As part of this "Renewal Programme" members of Class A were rebuilt as two-cylinder simples (i.e. not compounds). Those reclassified as Class A1 were rebuilt with a Midland Railway type RG6 boiler and new cylinders both of 18 in diameter by 24 in stroke. The boiler was higher pitched than the original to allow the firebox and ash pan to clear the rear driving wheel axle and an extension of 24.75 in to the smokebox saddle was needed to offer support. Although the effect was less striking than that of the similarly rebuilt Class B3, the modified appearance was such that these locomotives would be included among those that gained the nickname of "Whippet" because of a perceived resemblance to the racing dog.

All the class were officially named after mountains although that allocated to No. 58, Lurigethan, was never carried.

The majority of the Class A1 engines were coupled to what was known as the "Standard" tender which could carry 6 LT of coal and 2090 impgal of water. No.34, however, ran with one of the three "Medium" tenders that had a 2590 impgal water capacity and No.62 acquired a spare built up tender with a capacity of 2690 impgal. No.58 acquired a tender cab which led to her being a regular visitor on the Dungiven branch where tender first running was required.

Nos.33, 58 and 69 later received boilers with a working pressure of 200 psi in place of 160 psi. This led to their being allocated to the Belfast area during the late 1930s where duties were more onerous. No.33 was shedded at York Road while the other two were at Larne.

No.65 worked in a spare capacity at York Road and No.62 was based at Cookstown.

The builders plates showing dates in the late 1920s and early 1930s belied the age of these engines and the heavy traffic that they handled during World War II showed up their weaknesses more than newly built locomotives. Nevertheless, the majority of the class survived to be taken into Ulster Transport Authority stock and were scrapped in the mid 1950s.

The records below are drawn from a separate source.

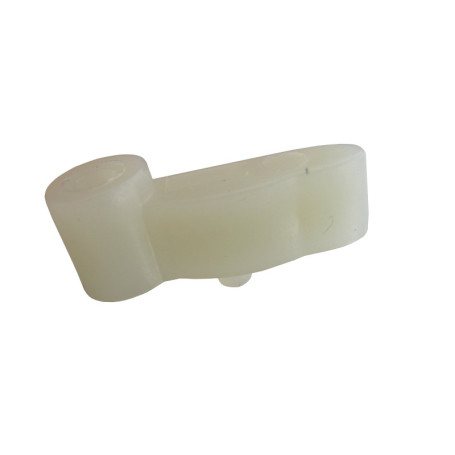 Cliquet de Lanceur Adaptable pour STIHL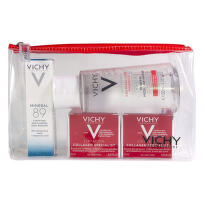 Vichy Try and Buy Liftactiv Collagen set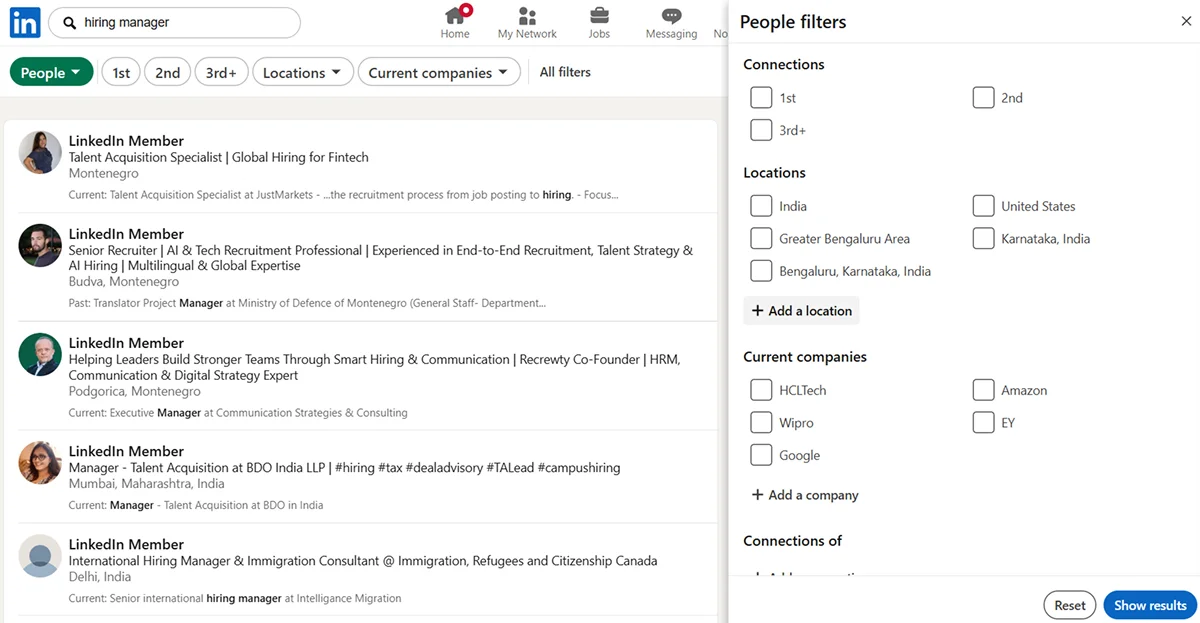 filtering-example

===Building and withdrawal data===

Rebuilding and naming information for the members of Class A1 are shown in the table below:

| Number | Builder | Built | Rebuilt | Name as rebuilt | Scrapped/Sold |
|---|---|---|---|---|---|
| 33 | York Rd | July 1902 | December 1928 | Binevanagh | November 1949 |
| 34 | York Rd | April 1901 | April 1928 | Knocklayd | October 1950 |
| 58 | York Rd | January 1907 | February 1934 | Lurigethan* | August 1954 |
| 62 | York Rd | August 1903 | July 1928 | Slemish | August 1954 |
| 64 | Derby | May 1905 | August 1929 | Trostan | August 1954 |
| 65 | Derby | May 1905 | June 1929 | Knockagh | October 1950 |
| 66 | Derby | May 1905 | May 1930 | Ben Madigan | August 1954 |
| 68 | Derby | June 1908 | December 1927 | Slieve Gallion | November 1947 |
| 69 | York Rd | December 1904 | June 1933 | Slieve Bane | August 1954 |

- Allocated the name shown but this was never carried.

== Livery==

===LMS NCC===

The Class A1 locomotives were painted in crimson lake with yellow and black lining. The LMS crest was carried on the upper cab sides. The initials "NCC" in shaded serif gold capital letters were placed centrally on the tender sides. Number plates were brass with raised digits and edge; they were carried on the lower cab sides with another placed centrally on the back of the tender tank. On the named engines, curved nameplates were fitted above the leading driving wheel splashers. Buffer beams and number plate and name plate backgrounds were painted red. The engine number was applied to the front buffer beam in shaded gold digits.

During World War II, the locomotives were painted black with red buffer beams and number plate and name plate backgrounds providing relief.

===UTA===

Under the Ulster Transport Authority, the engines were painted black with vermilion and yellow lining. Buffer beams, name and number plate backgrounds were red and the practice of putting the number on the front buffer beam was continued.

The UTA roundel, 14 in in diameter, with "Ulster Transport" in orange block capitals, lined in red, surrounding a white shield bearing the red hand of Ulster, all on a mid-green background, was placed in the middle of the tender sides.